If you’ve done any reading about EMC FASTCache, you probably know that it is a read/write cache. Let’s take a look at the write load of the array and see how much of that write load FASTCache is handling. In the following graph you can see that out of the ~10,000 total IOPS, the array is averaging about 2500-3500 write IOPS with FASTCache handling about 1500 of that total.
That means FASTCache is reducing the back-end writes to disk by about 50% on this system. On the NS480/CX4-480, FASTCache can be configured with up to 800GB usable capacity, so this array could see higher overall performance if needed by augmenting FASTCache further. Installing and upgrading FASTCache is non-disruptive so you can start with a small amount and upgrade later if needed.
FASTVP and FASTCache Together
Next, we’ll drill down to the FASTVP pool which contains 190 total disks (5 x EFD, 170 x FC, and 15 x SATA). There is no maximum number of drives in a Virtual Pool on FLARE30 so this pool could easily be much larger if desired.

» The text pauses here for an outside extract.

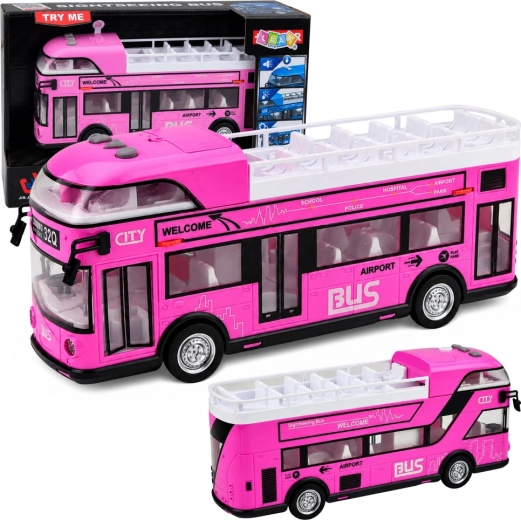 Roze dubbeldekker stadsbus voor kinderen met licht, geluid en openende deuren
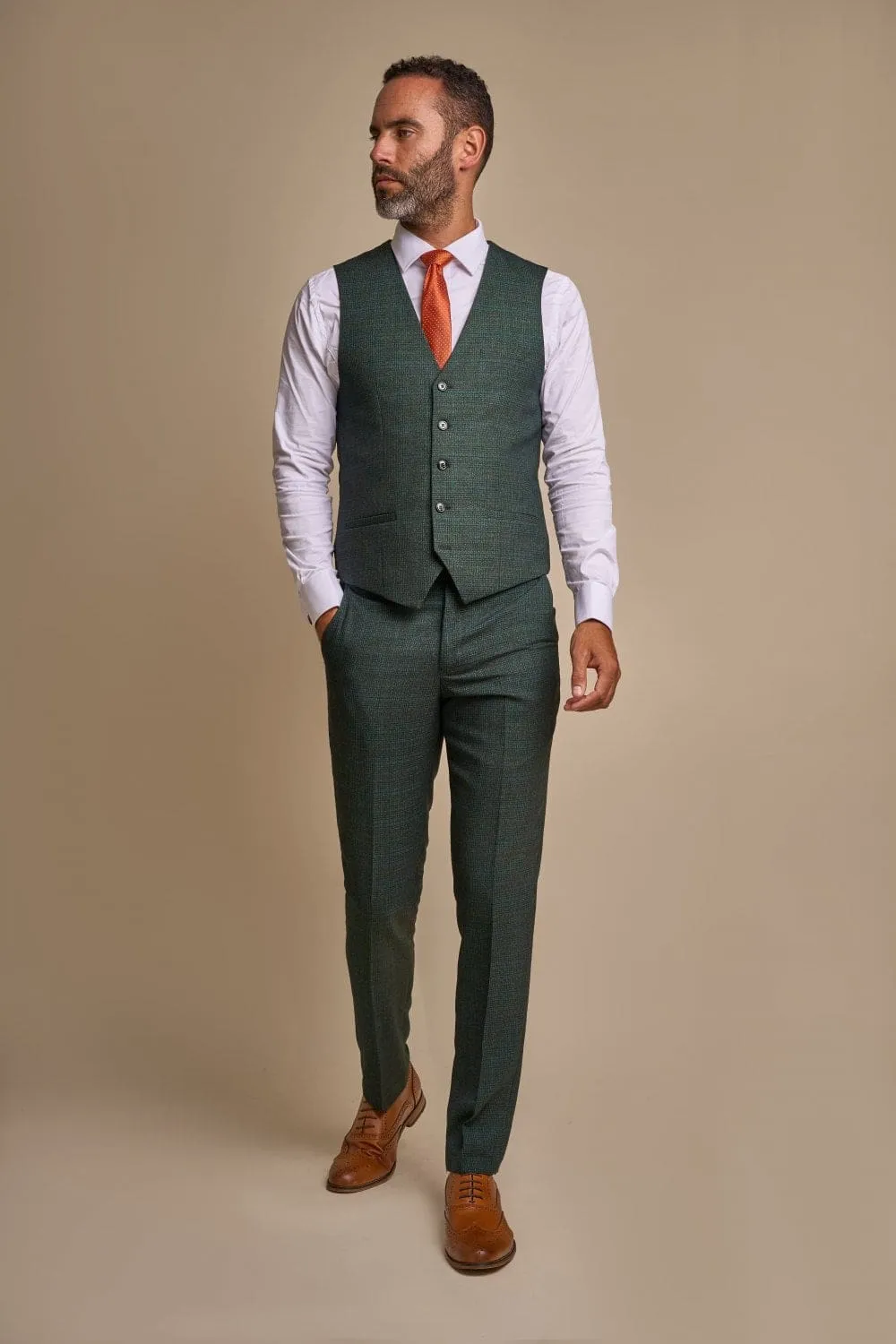 Cavani Caridi Men's Olive Tweed Waistcoat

I’ve graphed the IOPS-per-tier as well as the FASTCache IOPS associated with just this pool in a stacked graph to give an idea of total throughput for the pool as well as the individual tiers.
The pool is servicing between 5,000 and 8,000 IOPS on average which is about half of the total array workload. In case you didn’t already know, FASTVP and FASTCache work together to make sure that data is not duplicated in EFDs. If data has been promoted to the EFD tier in a pool, it will not be promoted to FASTCache, and vise-versa. As a result of this intelligence, FASTCache acceleration is additive to an EFD-enabled FASTVP pool. Here you can see that the EFD tier and FASTCache combined are servicing about 25-40% of the total workload, the FC tier another 40-50%, and the SATA tier services the remaining IOPS. Keep in mind that FASTCache is accelerating IO for other Pools and RAID Group LUNs in addition to this one, so it’s not dedicated to just this pool (although that is configurable.)
FASTVP IO Distribution
Lastly, to illustrate FASTVP’s effect on IO distribution at the physical disk layer, I’ve broken down IOPS-per-spindle-per-tier for this pool as well. You can see that the FC disks are servicing relatively low IO and have plenty of head room available while the EFD disks, also not being stretched to their limits, are servicing vastly more IOPS per spindle, as expected. The other thing you may have noticed here is that the EFDs are seeing the majority of the workload’s volatility, while the FC and SATA disks have a pretty flat workload over time. This illustrates that FASTVP has placed the more bursty workloads on EFD where they can be serviced more effectively.
Hopefully you can see here how a very small amount of EFDs used with both FASTCache and FASTVP can relieve a significant portion of the workload from the rest of the disks. FASTCache on this system adds up to only 0.14% of the total data set size and the EFD tier in the FASTVP pool only accounts for 2.6% of the total dataset in that pool.
What do you think of these results? Have you added FASTCache and/or FASTVP to your array? If so, what were your results?